EXTRACTED RECORDS –
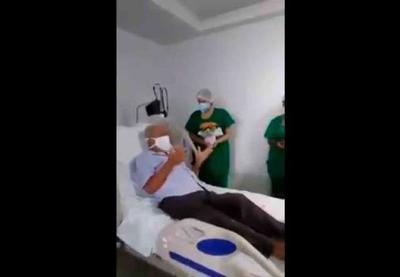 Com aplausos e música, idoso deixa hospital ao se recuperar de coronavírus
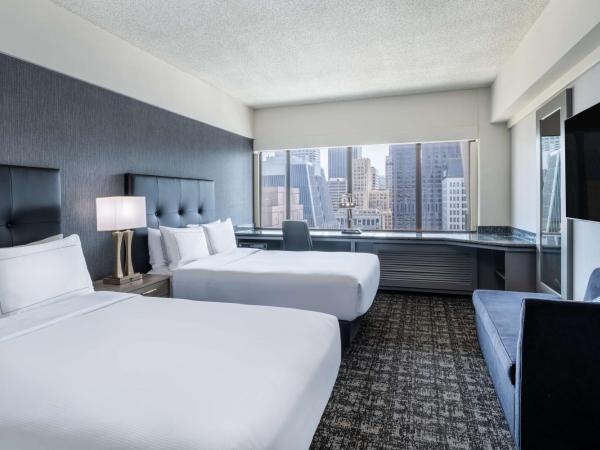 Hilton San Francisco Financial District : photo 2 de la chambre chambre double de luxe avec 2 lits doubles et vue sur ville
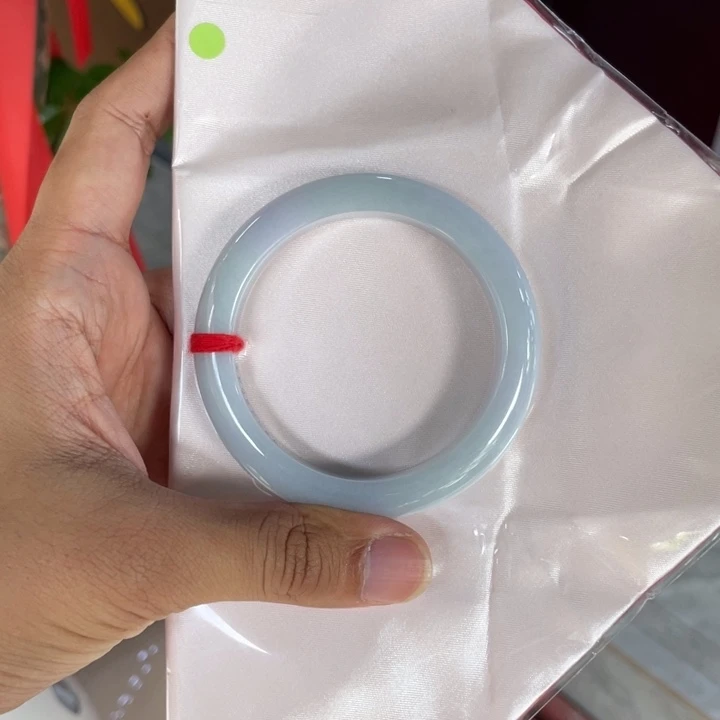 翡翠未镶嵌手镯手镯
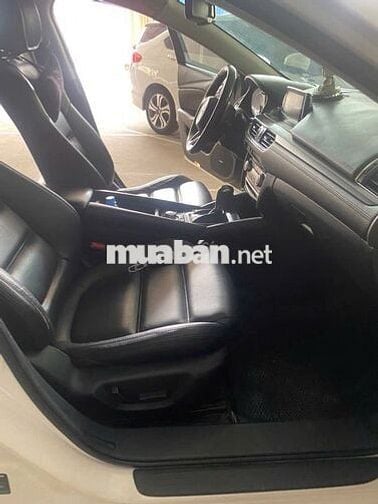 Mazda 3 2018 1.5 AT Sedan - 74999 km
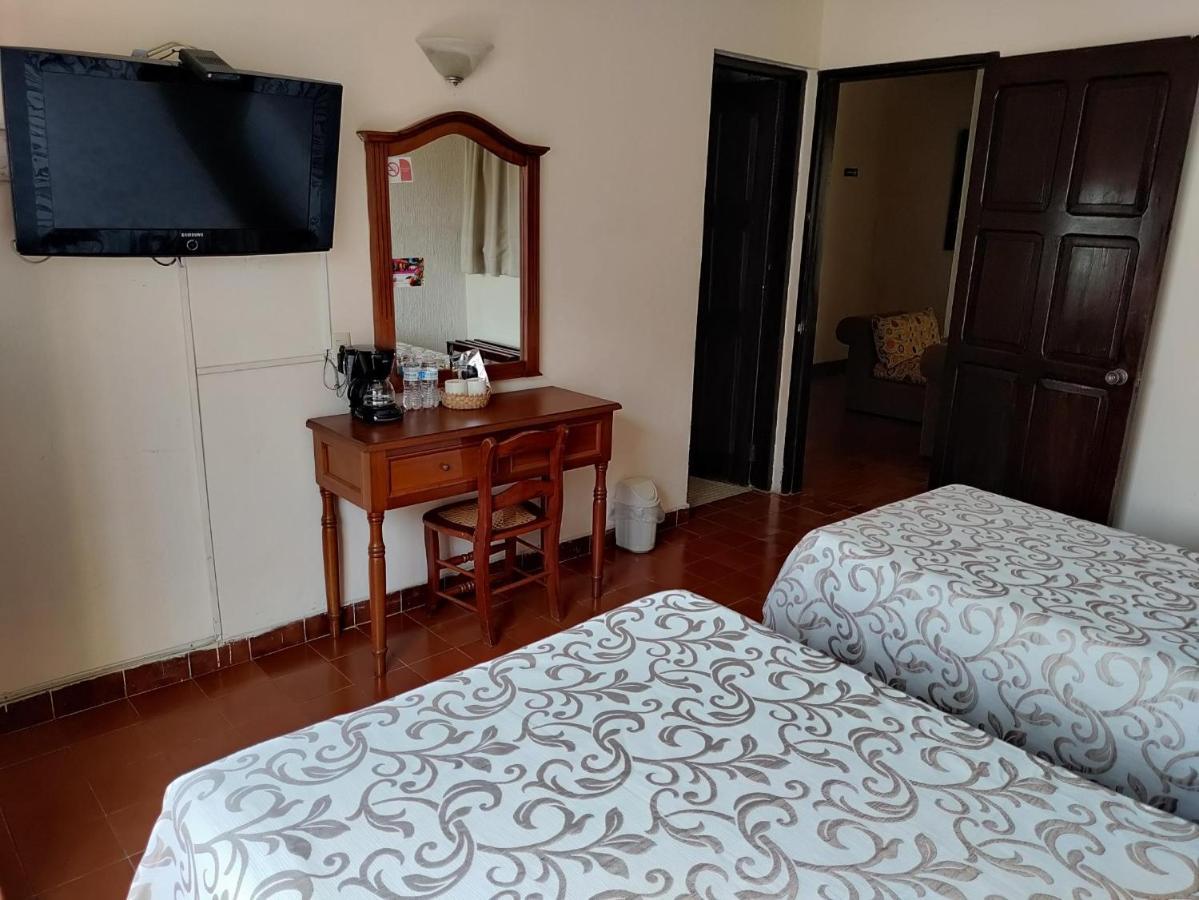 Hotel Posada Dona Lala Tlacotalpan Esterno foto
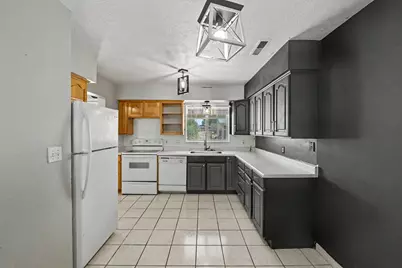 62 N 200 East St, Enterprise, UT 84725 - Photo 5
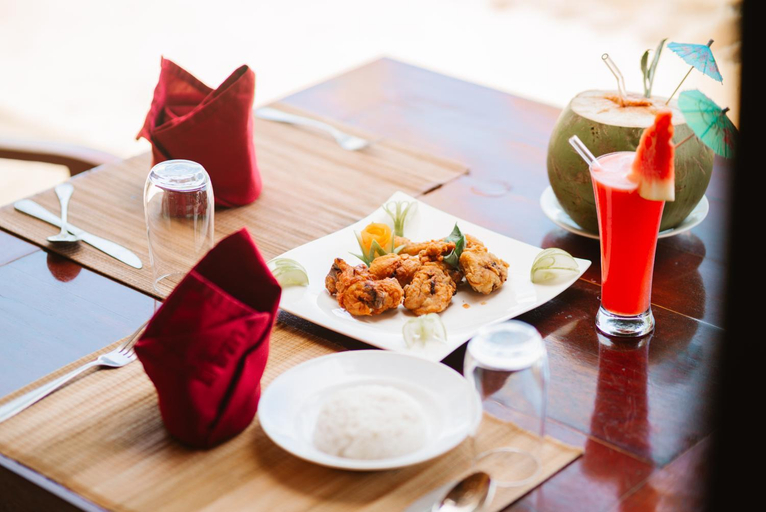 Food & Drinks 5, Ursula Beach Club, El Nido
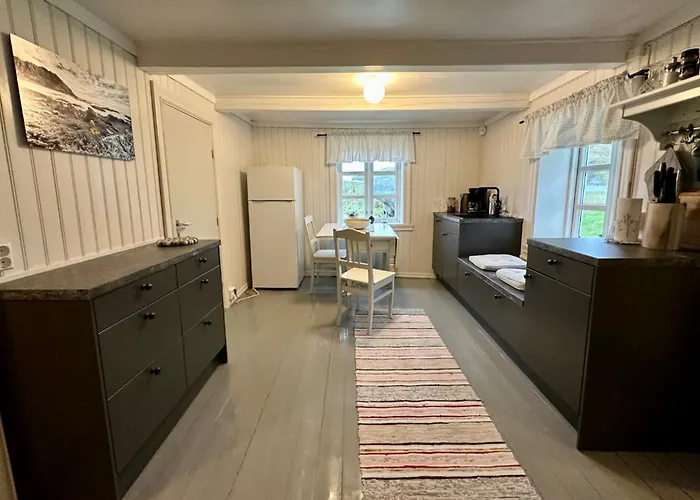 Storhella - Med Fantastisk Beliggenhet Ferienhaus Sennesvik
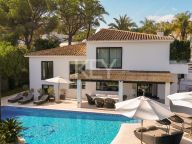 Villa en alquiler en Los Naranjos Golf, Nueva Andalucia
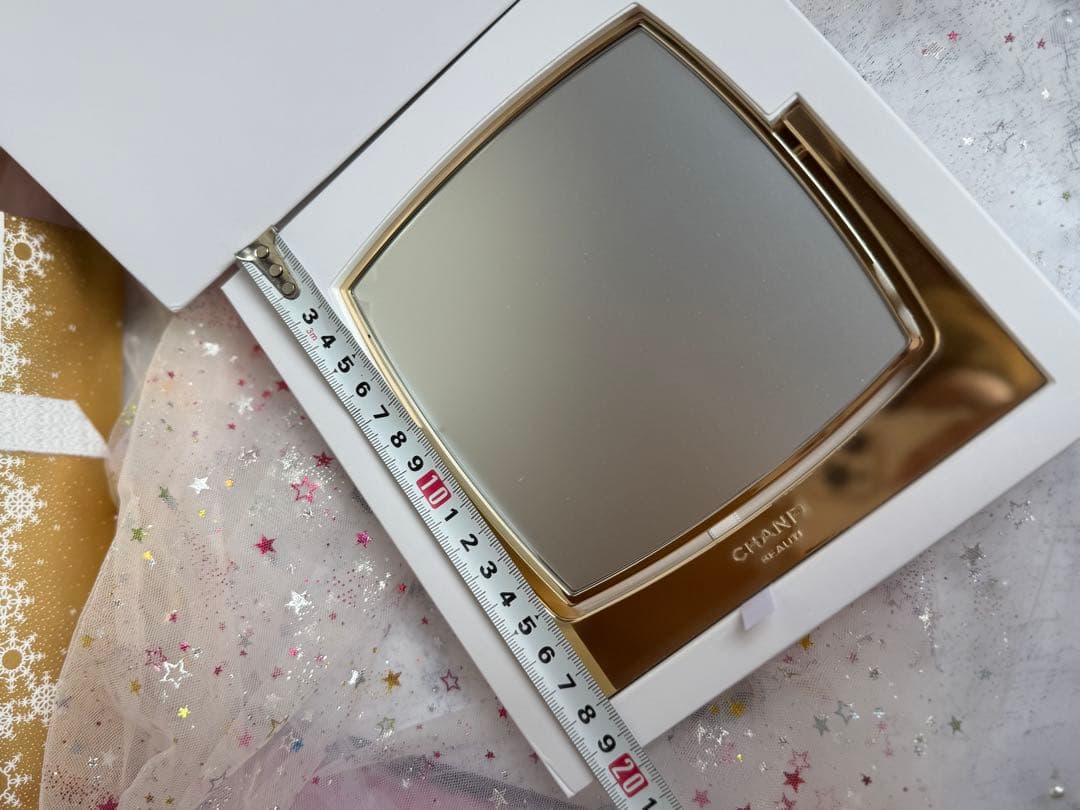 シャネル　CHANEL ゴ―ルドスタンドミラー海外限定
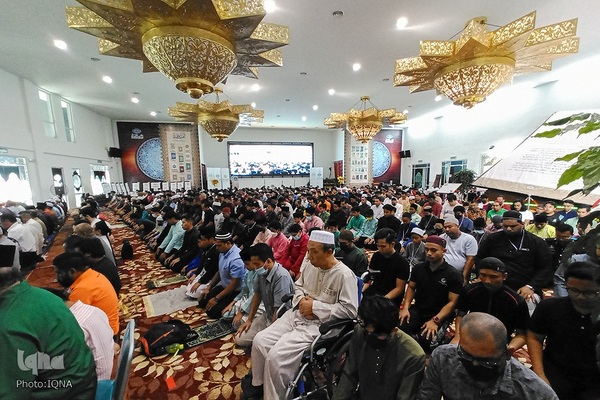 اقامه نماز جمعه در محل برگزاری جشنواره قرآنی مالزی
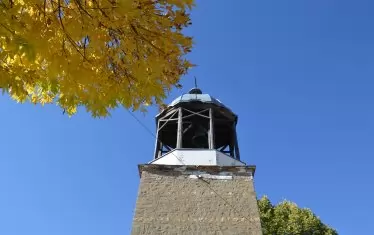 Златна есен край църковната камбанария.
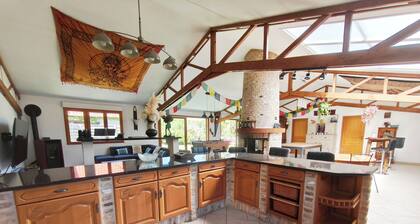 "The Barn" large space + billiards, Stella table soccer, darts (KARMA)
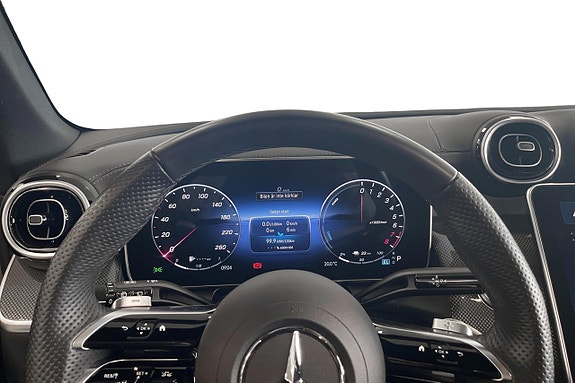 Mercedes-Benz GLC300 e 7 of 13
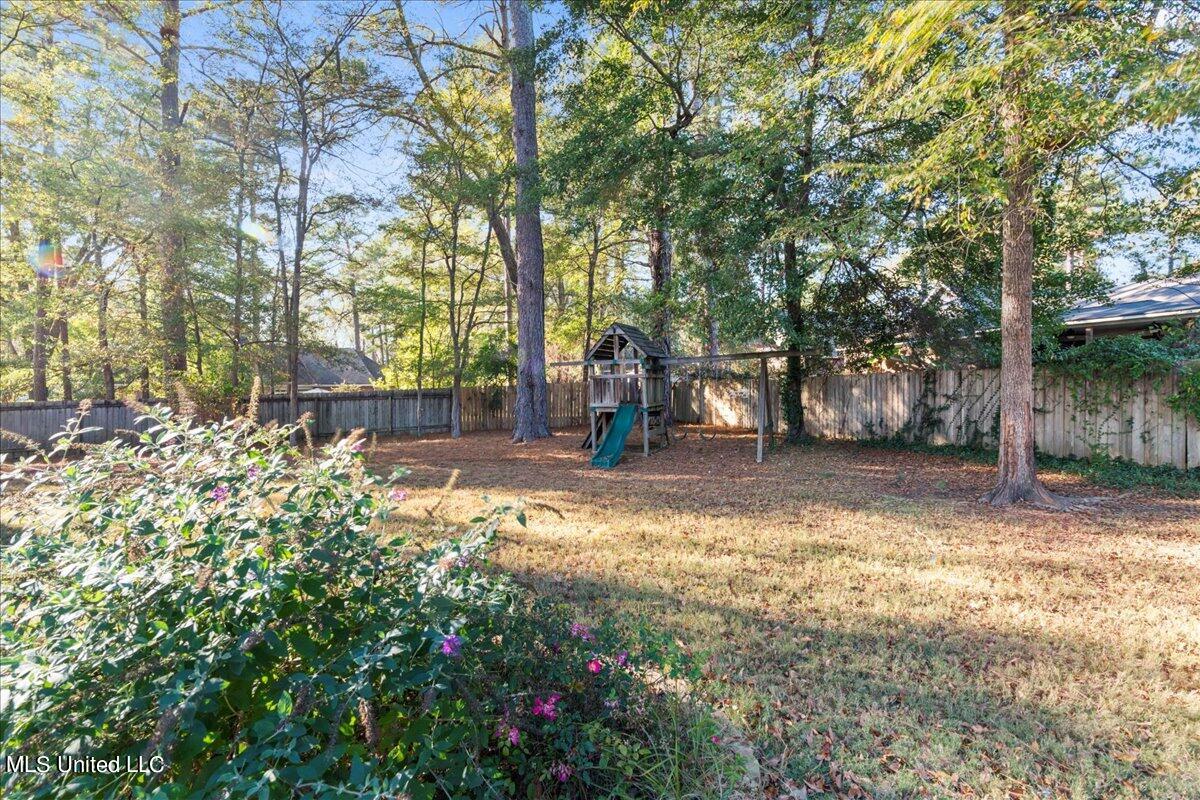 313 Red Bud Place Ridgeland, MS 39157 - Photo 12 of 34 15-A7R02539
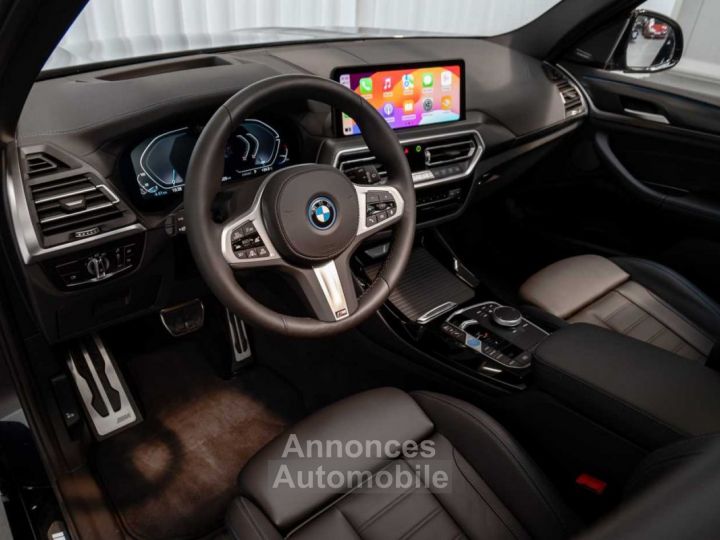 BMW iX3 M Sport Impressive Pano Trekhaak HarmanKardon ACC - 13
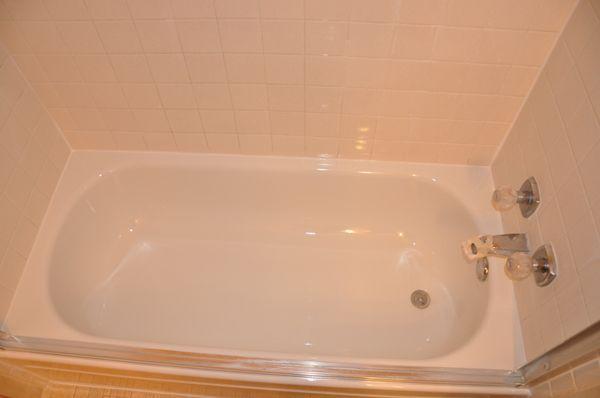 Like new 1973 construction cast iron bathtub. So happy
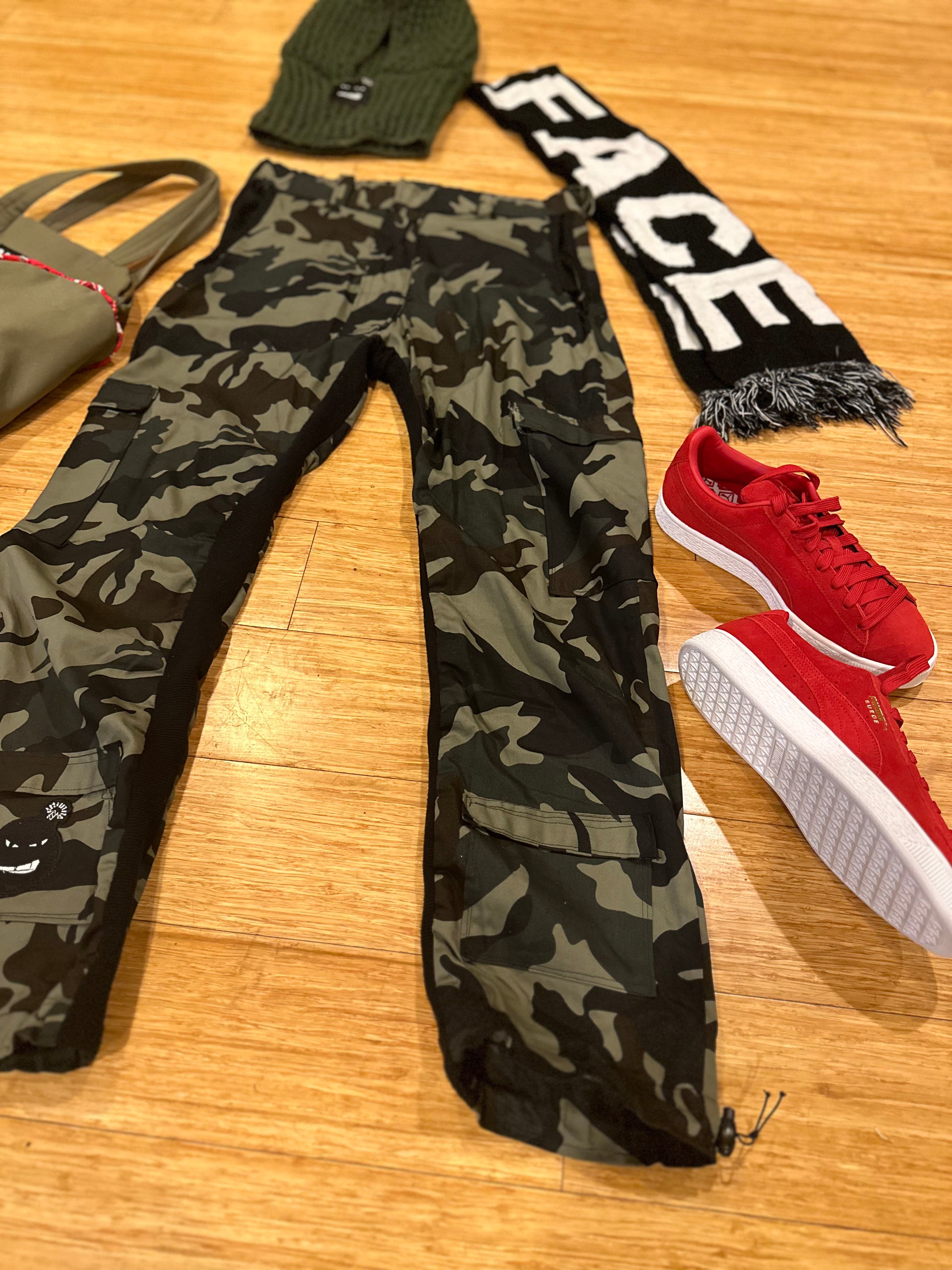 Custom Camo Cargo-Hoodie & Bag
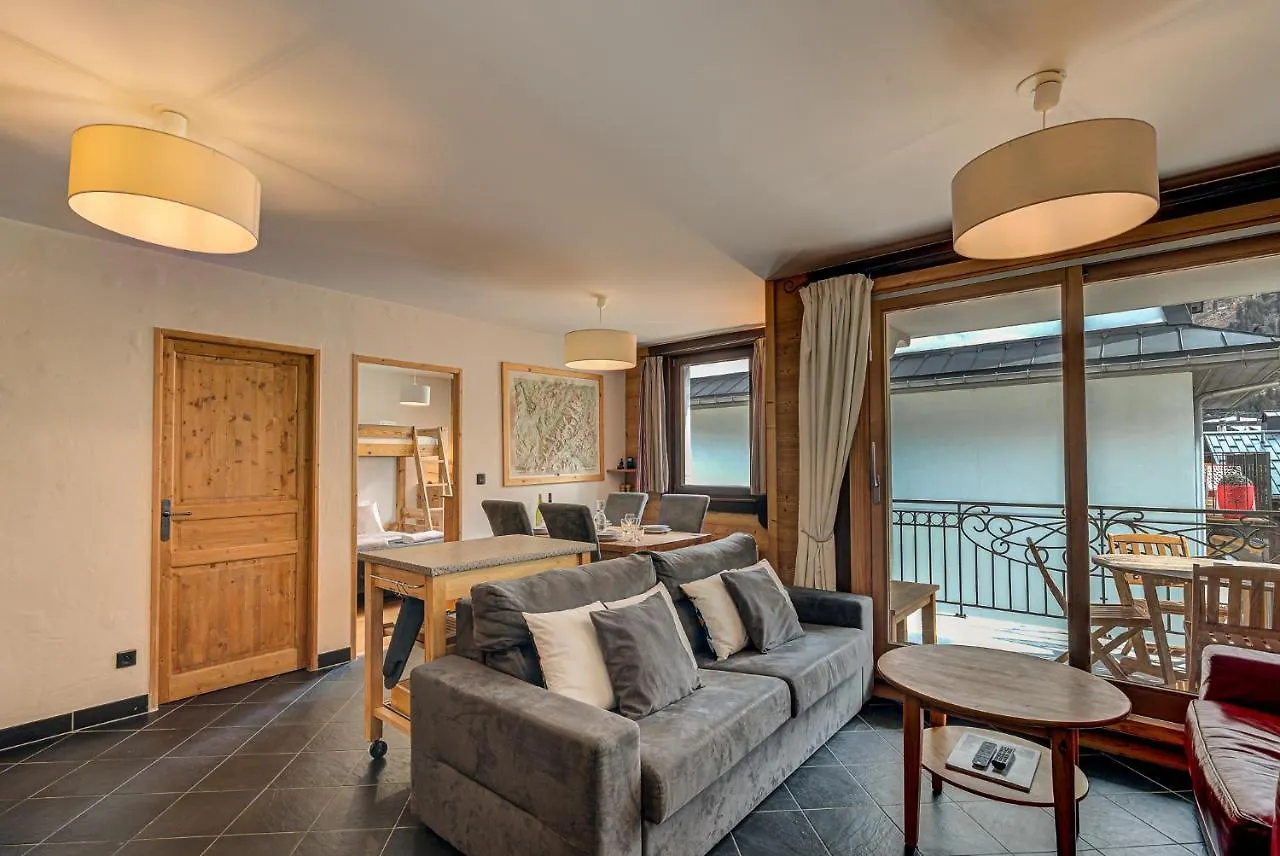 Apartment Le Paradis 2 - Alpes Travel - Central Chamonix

REQUIRED ACTION –
Repeat each line of the records above exactly, but do not copy the pictures.

WRITTEN SOLUTION –
 Com aplausos e música, idoso deixa hospital ao se recuperar de coronavírus
 Hilton San Francisco Financial District : photo 2 de la chambre chambre double de luxe avec 2 lits doubles et vue sur ville
 翡翠未镶嵌手镯手镯
 Mazda 3 2018 1.5 AT Sedan - 74999 km
 Hotel Posada Dona Lala Tlacotalpan Esterno foto
 62 N 200 East St, Enterprise, UT 84725 - Photo 5
 Food & Drinks 5, Ursula Beach Club, El Nido
 Storhella - Med Fantastisk Beliggenhet Ferienhaus Sennesvik
 Villa en alquiler en Los Naranjos Golf, Nueva Andalucia
 シャネル　CHANEL ゴ―ルドスタンドミラー海外限定
 اقامه نماز جمعه در محل برگزاری جشنواره قرآنی مالزی
 Златна есен край църковната камбанария.
 "The Barn" large space + billiards, Stella table soccer, darts (KARMA)
 Mercedes-Benz GLC300 e 7 of 13
 313 Red Bud Place Ridgeland, MS 39157 - Photo 12 of 34 15-A7R02539
 BMW iX3 M Sport Impressive Pano Trekhaak HarmanKardon ACC - 13
 Like new 1973 construction cast iron bathtub. So happy
 Custom Camo Cargo-Hoodie & Bag
 Apartment Le Paradis 2 - Alpes Travel - Central Chamonix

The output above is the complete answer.